In the 1960s a popular phrase was Marshall McLuhan's "the medium is the message." Yet at least twenty years before McLuhan's aphorism an electrical engineer had disproved it.
The engineer, Claude Shannon, who died recently, used mathematics to separate the medium from the message. Today we hear talk of bandwidth, and digital phones, and fast lines to connect to the internet.
It all began in 1948 when Shannon showed that all messages could be represented by just two numbers - zero and one - the binary form of data which is so popular now that we all have computers. He was even the first to use the word "bit" in print. It's a contraction of the first two letters of "binary" and the last letter of "digit."
He used very eloquent and even beautiful mathematics to show how many of these bits were needed to send information through a channel.

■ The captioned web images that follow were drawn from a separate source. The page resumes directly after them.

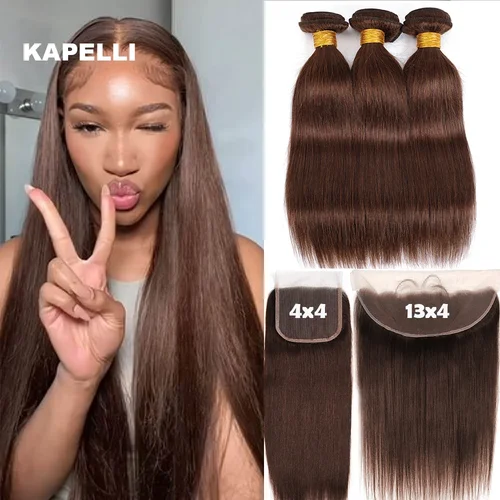 Imagen 1 del producto # 4 extensiones de cabello humano liso con 4x4 13x4 HD encaje Frontal 100% mechones de cabello humano postizo y extensión de cabello con cierre cabello Remy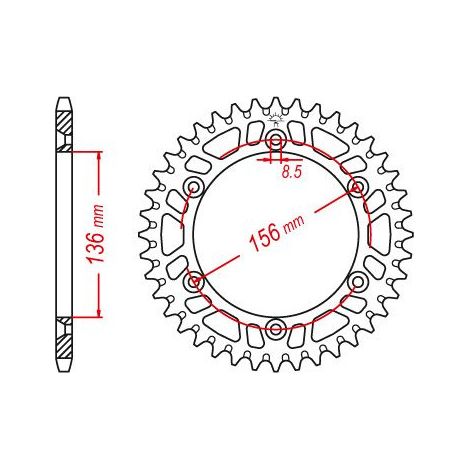 Couronne Alu TT Gas Gas Rouge - 520 - 48 Dents - Made in Germany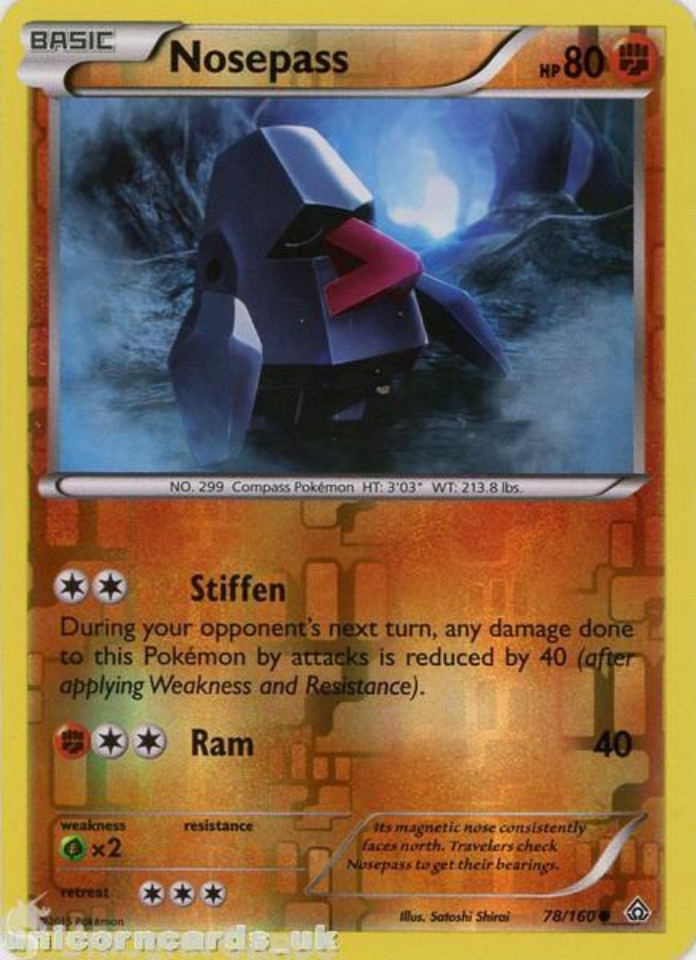 Nosepass 78/160 Primal Clash Reverse Holo Mint Pokemon Card:: Unicorn Cards  - YuGiOh!, Pokemon, Digimon and MTG TCG Cards for Players and Collectors.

By channel he meant anything: a copper wire, smoke signals, a fiber optic cable, and even the electromagnetic waves that travel through the air to your television or radio. By breaking a message into these bits he could distinigush the message from the medium and allow other engineers to focus on the message itself, without being concerned if it were, say, voice, data or telegraph. Using his theories they could design a channel of just the right size to transmit a message without errors.
For a man who made it posible for information to flow around the world Claude Shannon was suprisingly reclusive. He worked alone at Bell Labs in New Jersey, usually keeping his door shut. Emerging only at night to ride his unicycle down the halls, ocassionaly even juggling while on the bike. At times he'd appear with some bizarre invention: a two-seated unicycle, juggling robots, a motorized pogo-stick, chess-playing machines, or a rocket-powered Frisbee. He devoted much of his later years to developing a mechanical mouse. Fitted with copper whiskers, a magnet and wheels. It could find its way through a maze. Most intriguing, though, to his colleagues was a mathemtical system he designed to analyze the stock market. He made a handsome profit, but the details of his methods remain unpublished.
In a sad irony Claude Shannon, who brought information to the world, was unable to communicate toward the end of his life. He suffered from Alzheimer's disease. But his theories live on. They've allowed engineers to bring us digitial phones, high-speed internet lines, and the flawless audio and video we expect of compact discs and DVDs.
Although Claude Shannon helped connect the globe he still didn't share everything with us. He took to his grave his design for a rocket-powered frisbee.